E la strada si stringe intorno ad Abele e lui

vede le case più vicine e osserva le finestre

le losanghe, i terrazzi, i cancelli di ferro

o di bronzo, e intanto parla, parla con una donna

che non esiste e che non cerca di trattenerlo

anche se ogni tanto gli si appoggia al braccio

o gli stringe una mano, e c’è la memoria

che crede di ricordare, e l’aria che è calda

e che è umida, e i piedi invisibili della donna

scivolano su foglie gialle o marrone scuro

e la strada finisce in un’altra strada

e non ci sono case da guardare, ma sul fondo

appare la spiaggia, la sabbia bagnata

e il mare, e la donna ascolta, ma non sempre

non quando il tempo si ferma, e lei pensa

pensa a quando indossava un vestito e usciva

e aveva un’ombra lunga quasi quanto l’ombra

di Abele, e a lei piaceva guardare le loro ombre

ora l’una ora l’altra, le piaceva vederle piegare

di lato, e sostare

 

(ci sono giorni in cui la donna va da Abele

e gli porta la colazione, allora, lui resta

nella sua poltrona e ascolta le onde

lei gli appoggia sulle gambe un vassoio

e nel vassoio ci sono il miele, il burro, il latte

e il pane tostato, quei giorni Abele si riposa

prende un libro e lo sfoglia

lui dice di non aver mai letto una riga

eppure io so che nella sua testa

ci sono tutti libri del mondo)

 

 

Poesie terze classificate nella prima edizione (2015) del Premio Letterario Nazionale indetto da LaRecherche.it: Il Giardino di Babuk - Proust en Italie

 

Leggi l'eBook del Premio

 

 Franca Alaimo - 08/04/2015 20:42:00 [ leggi altri commenti di Franca Alaimo » ]

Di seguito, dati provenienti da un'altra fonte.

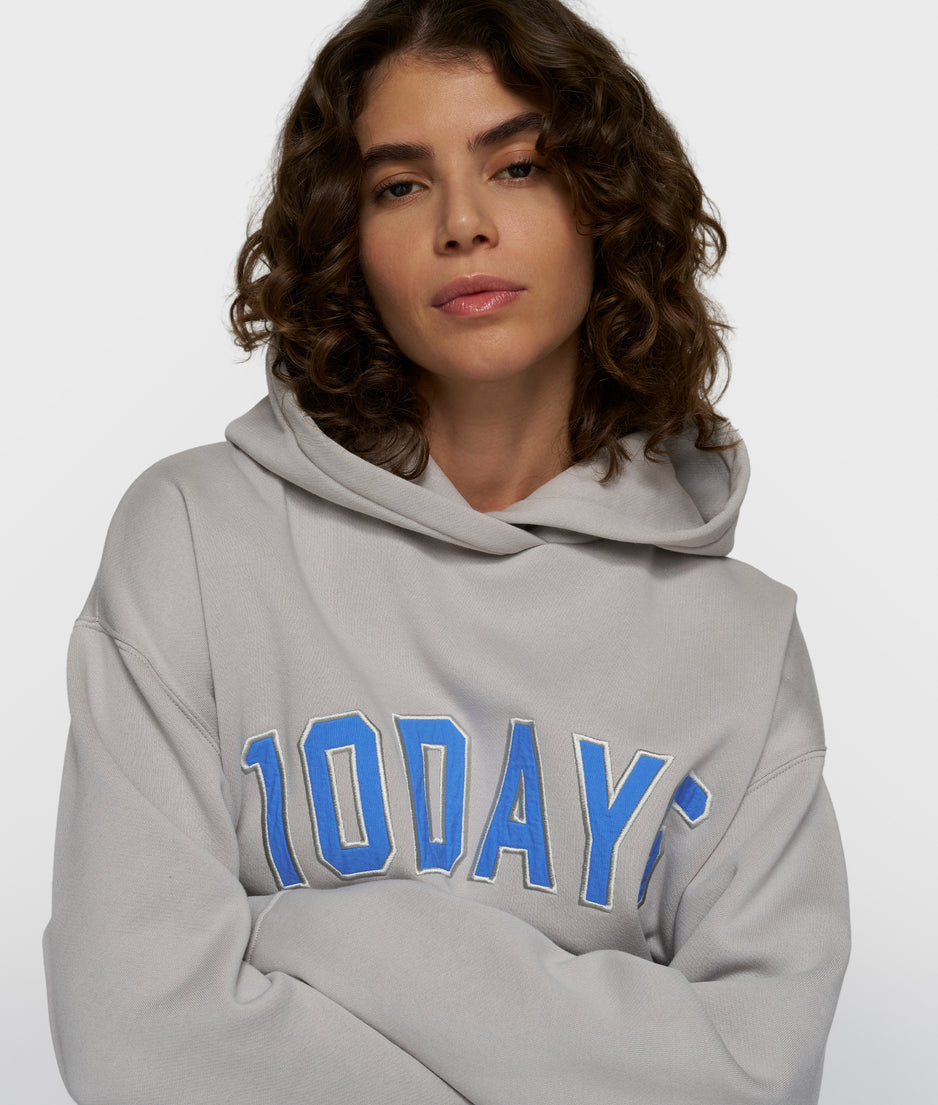 statement hoodie | stone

Ricordo molto bene questa poesia di Silvia Morotti, perché, quando la lessi come giurata del premio, mi era piaciuta parecchio per la mistione di elementi narrativi e visionari. La memoria di Abele, il soggetto di questi versi, sembra stare in bilico fra verità e immaginazione, come di fatto accade spesso. L’amore diventa, allora, quasi un sogno e la figura femminile assume i contorni di una presenza arcana. La storia è immersa in un paesaggio anch’esso lontano dal reale.
Resta a chi legge l’impressione di avere letto una favola triste, eppure consolante. Apprezzo molto anche la ricchezza e la sensibilità del linguaggio.